Now the AP, in common with just about all other major media, writes for a mainstream audience, one that shares a common understanding. And the obvious assumption of the writer and editors involved was that mention of these two historical figures would require explanation, just like mentioning Edwin M. Stanton, Abraham Lincoln’s longest-serving Secretary of War.

 

So if the mainstream audience needs a tag explaining Dr. K and Jim Baker, those of us who don’t must be. . .

 

Well, let’s not say it out loud. If we have to speak of at all, we’ll call it “differently mainstreamed.”

 

Explanatory Asides pop up all the time.
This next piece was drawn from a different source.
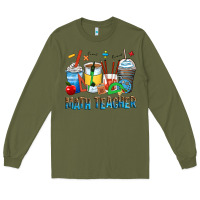 Army Green math teacher coffee cups Long Sleeve Tee - Zillion Design Studio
Reading the Sunday comics a couple of weeks ago, I saw a panel take a moment to explain what a typewriter was.

 

It might have been easier if the artist just put a footnote inviting the audience to “Dial 1-800-SAY-WHUT, except another footnote would have been necessary to explain the verb “dial.”

 

Those of us with grandchildren can look forward to more footnotes explaining LP records, floppy disks, tape decks, video cassettes and why “Twist And Shout” was something other than a George W. Bush Administration interrogation technique. So here’s a suggestion.

 

Study explanatory footnotes as though you didn’t already know them, and make it a habit. It might help in later years when you have forgotten so much you’re actually mainstream again.